== Task instructions ==
From the material below, set down exactly the lines that run from the one containing "Women's Green Summer" to the one containing "Panel de instrumentos", minus the pictures.

== Working data ==
::::

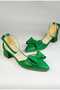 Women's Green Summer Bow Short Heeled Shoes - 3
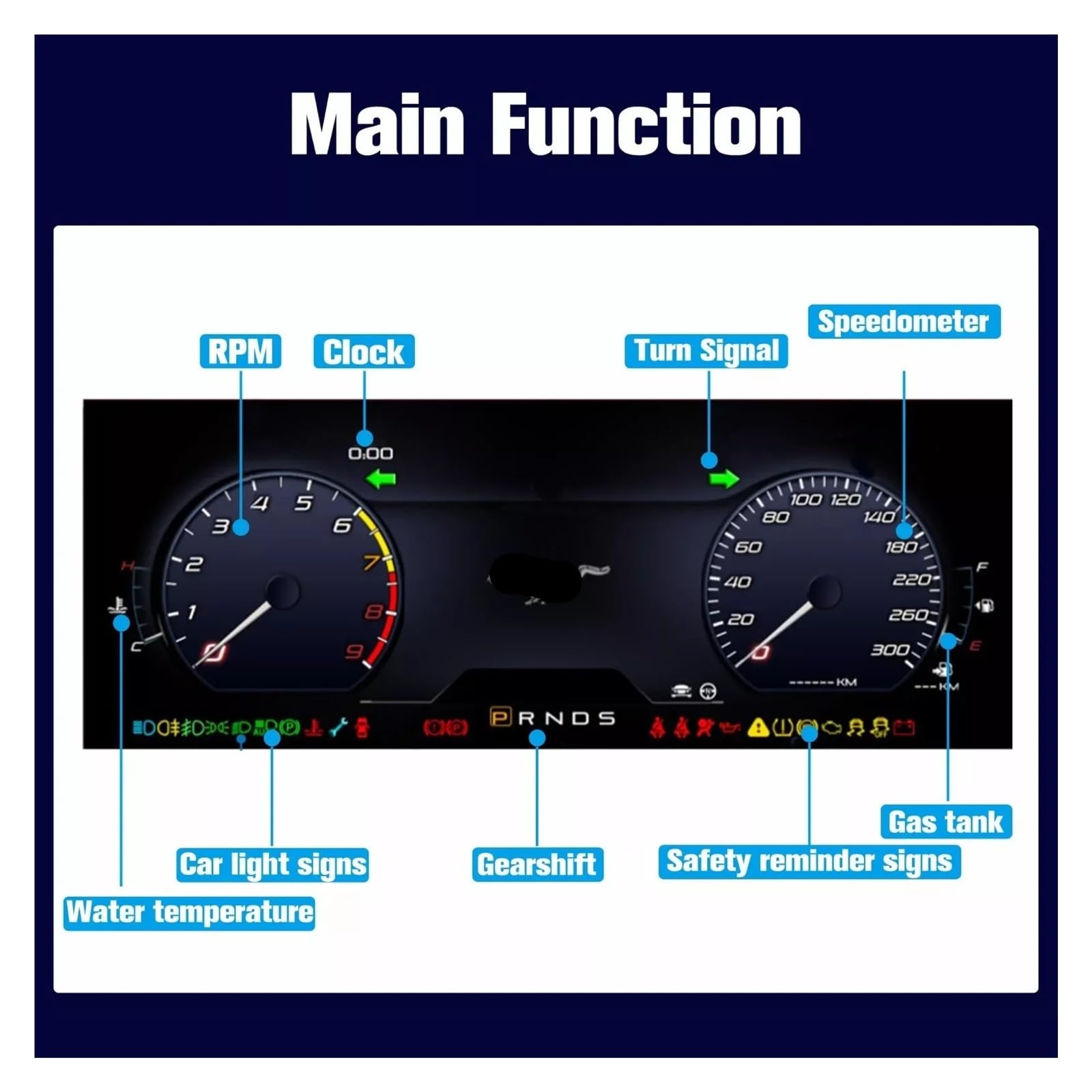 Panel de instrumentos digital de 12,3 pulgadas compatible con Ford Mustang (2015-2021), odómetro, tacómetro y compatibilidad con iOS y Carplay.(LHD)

::::

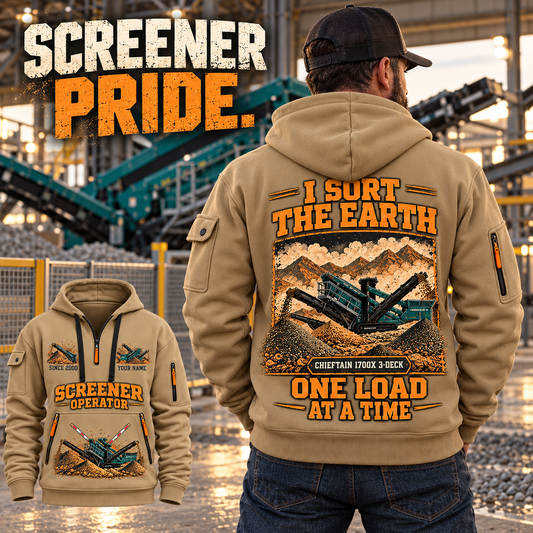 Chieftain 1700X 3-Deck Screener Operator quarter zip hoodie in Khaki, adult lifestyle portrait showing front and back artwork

::::

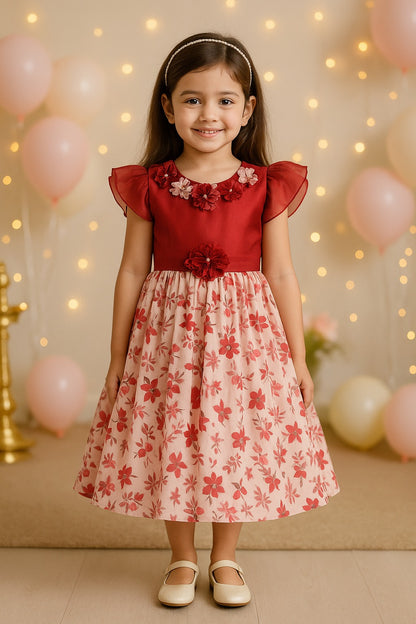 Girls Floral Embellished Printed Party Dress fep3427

::::

== Written response ==
 Women's Green Summer Bow Short Heeled Shoes - 3
 Panel de instrumentos digital de 12,3 pulgadas compatible con Ford Mustang (2015-2021), odómetro, tacómetro y compatibilidad con iOS y Carplay.(LHD)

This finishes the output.